The house in the romantic image doesn't conform to the facade you can see in the modern photo above: flat and with three dormered attic windows across the orange tiled roof. Further, the house today looks newer 80 years after it was built than in the romantic image made of it when brand new. The lamppost, sidewalk and curb help locate the modern house in a neighborhood.

Perusing my own photos, I realized the romantic photo must show the back of the house. Through the overgrowth, one can see the glassed in breakfast porch jutting out and the still existing balcony above the ground floor level.
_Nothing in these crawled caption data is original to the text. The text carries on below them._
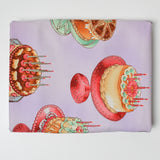 Light Purple Birthday Cake Print Quilting Weight Woven Fabric - 42" x 72"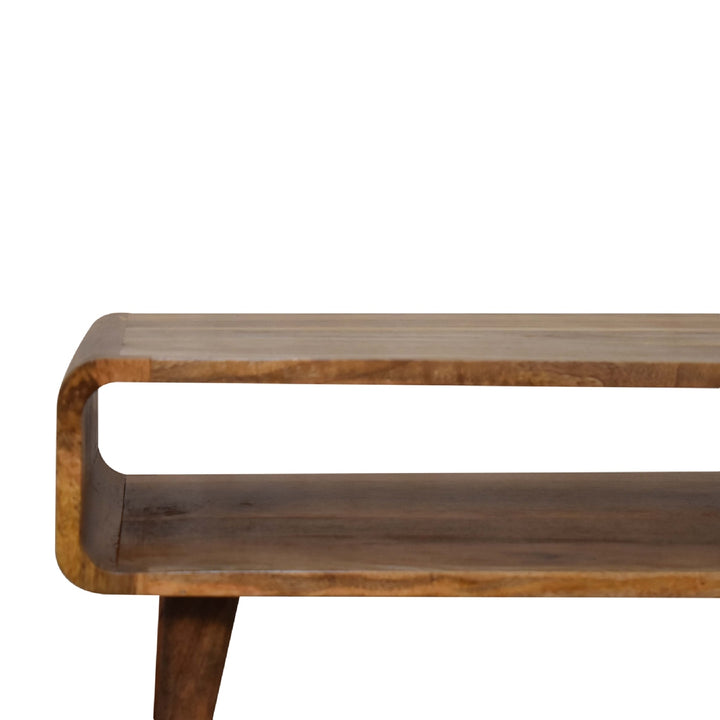 Beige Oak Veneer Solid Mango Wood Open TV Unit with 1 Open Compartment, Light Brown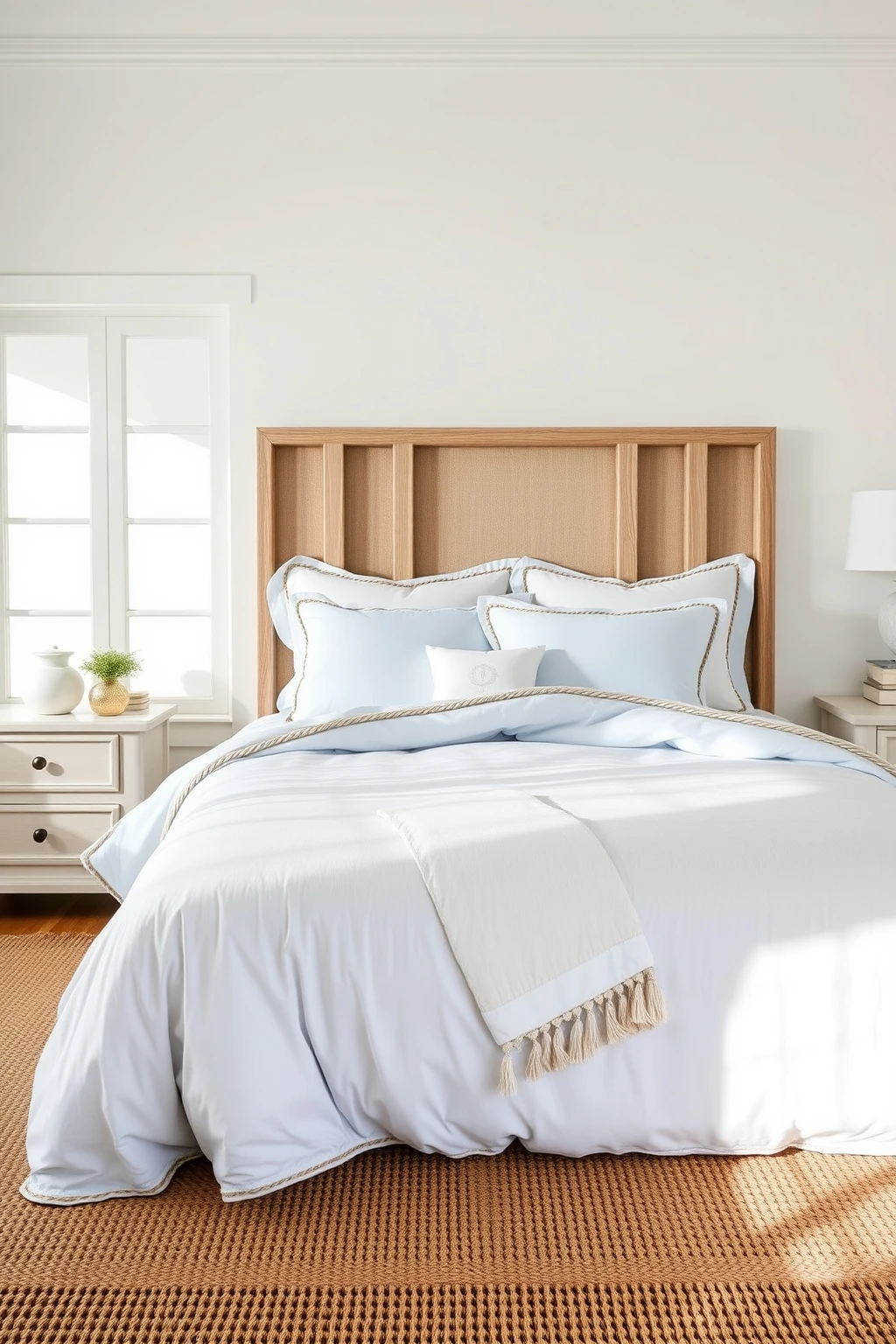 Nautical Bedding Details: Rope Trim and Cotton Sateen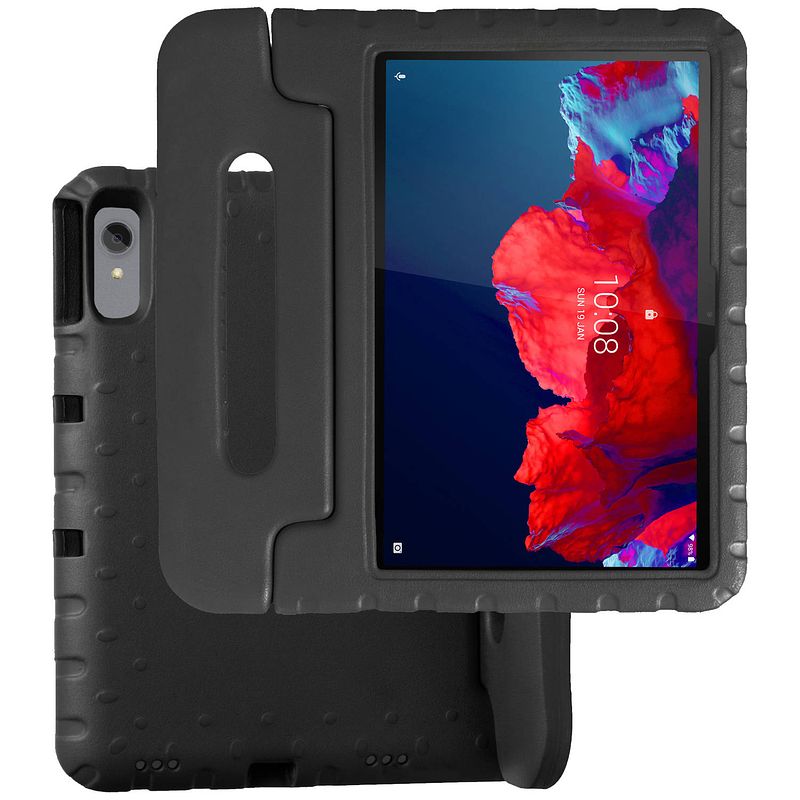 Foto van Basey lenovo tab p11 plus kinderhoesje foam case hoesje cover hoes - zwart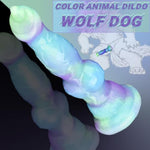 7 Inch Realistic Knotted Dog Dildo Beginner Suction Cup Soft Silicone Small Wolf Animal Fantasy Dildos Fake Penis Purple Green Blue Rainbow Canine Dildo Big Butt Plug Anal Gay Adult Toys Women (A-164)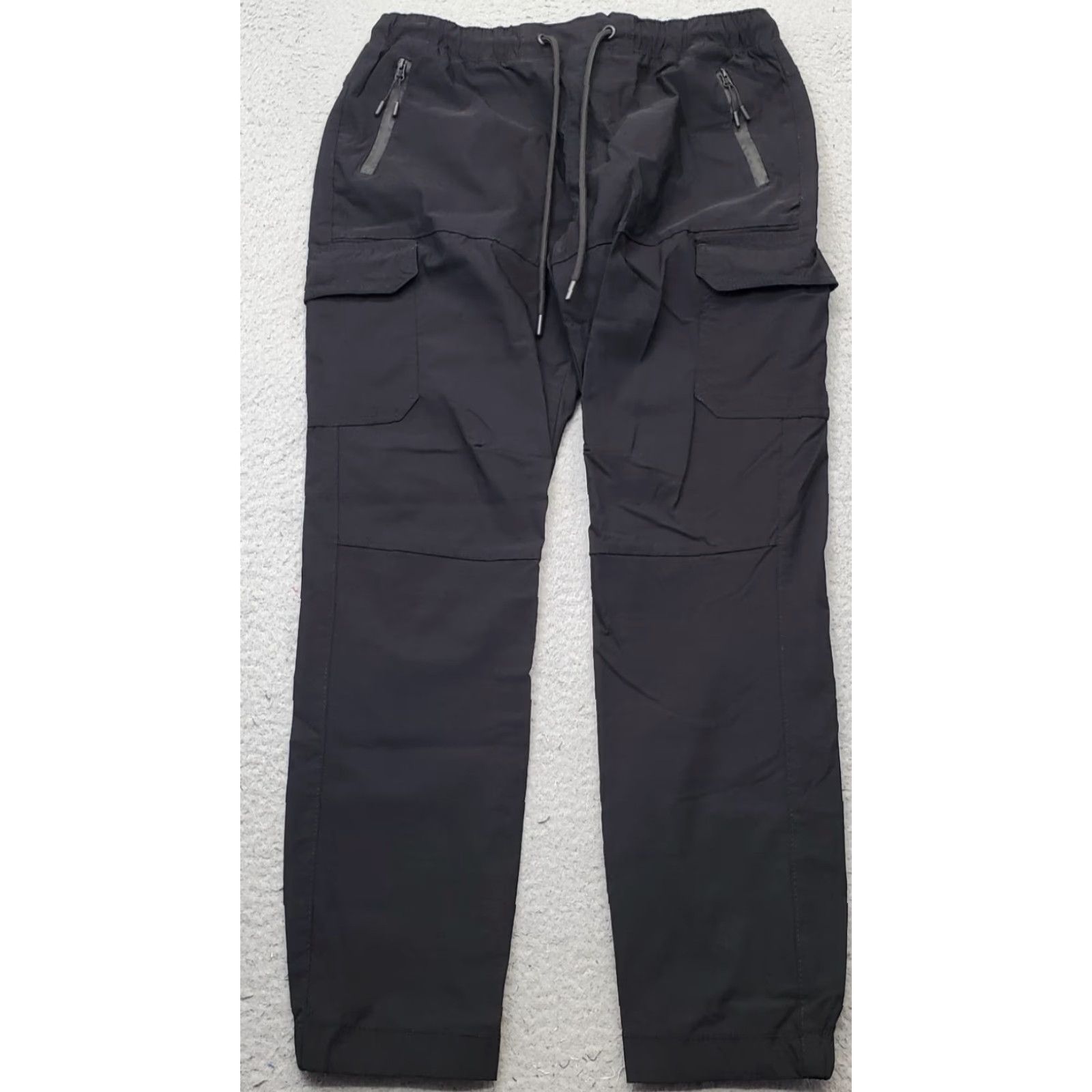 Vintage Benjamin Black Cargo Jogger Pants Men Small Black Stretch Tapered Leg Drawstring Size US 29 - 2 Thumbnail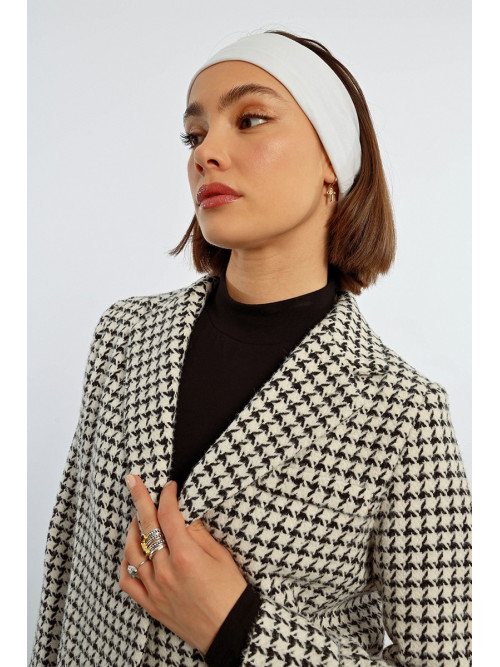 Veste crop pied de poule manche longue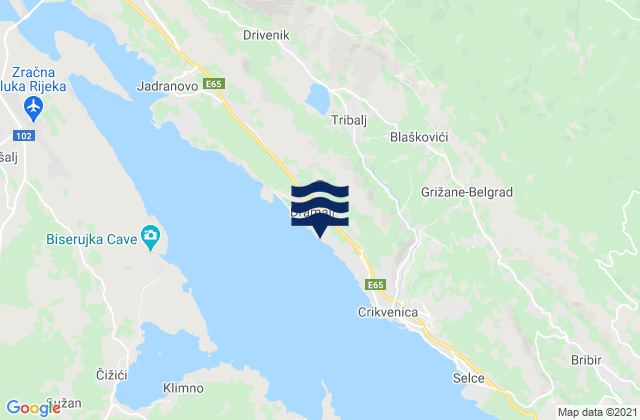 Mappa delle maree di Vinodolska općina, Croatia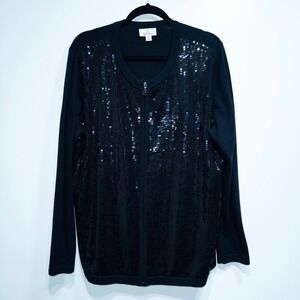 The Quacker Factory Black Sequin Front Full Zip Jacket Size XL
The double window in the attic on the side of the house would look into Bonhoeffer's bedroom and into the back yard of his sister's house, the place where Bethge would look down at Bonhoeffer's niece, Renate, who he would eventually marry.

This is how the back facade looks now, You can see the second-story balcony depicted in the early photo.

The Bonhoeffers posed in March, 1943 against the back facade, the same facade as in the photo right above. 


The sunporch today, furnished differently than in Bonhoeffer's day.
You can see it through the overgrowth in the romantic photo. 
I wish I knew more about the romanticized image. According to the photo credits, it comes from "Art Resource, NY." I found it on the web in this collection, but little information about it. When was it taken? By whom? Was it touched up, enhanced?

Today the house's flat back yard is closely cut and neatly kept, with no wild overgrowths. The home has an austere look--angular surfaces, everything well trimmed. But what did the Bonhoeffers perceive when they moved in at the end of 1935? Much as they were critics of the Nazi regime--though privileged to be able to live in such a neighborhood--did they see--or want to see a romantic hundred-year old volkish cottage in the woods, where we (or I) see a home built on balanced, Classical lines?

By the time World War II was in full swing, the back yard we encounter today as a flat sheath of grass had been planted into a garden that included raspberries--perhaps some of the brambly bushes in the early photo are raspberries?--peas, a myriad of vegetables and even an experiment with tobacco.

The backyard today. If only it had been included in the
1943 photo, we'd see it planted into the garden that helped
to feed Bonhoeffer and his brother-in-law in prison. 

The photo in the Marsh book reminds us that what we see today is not what the Bonhoeffers' saw then; how we view the world is not necessarily the lens they used. How people, including Bonhoeffer perceived the world--what they literally saw around them and how it influenced them --continues to fascinate me.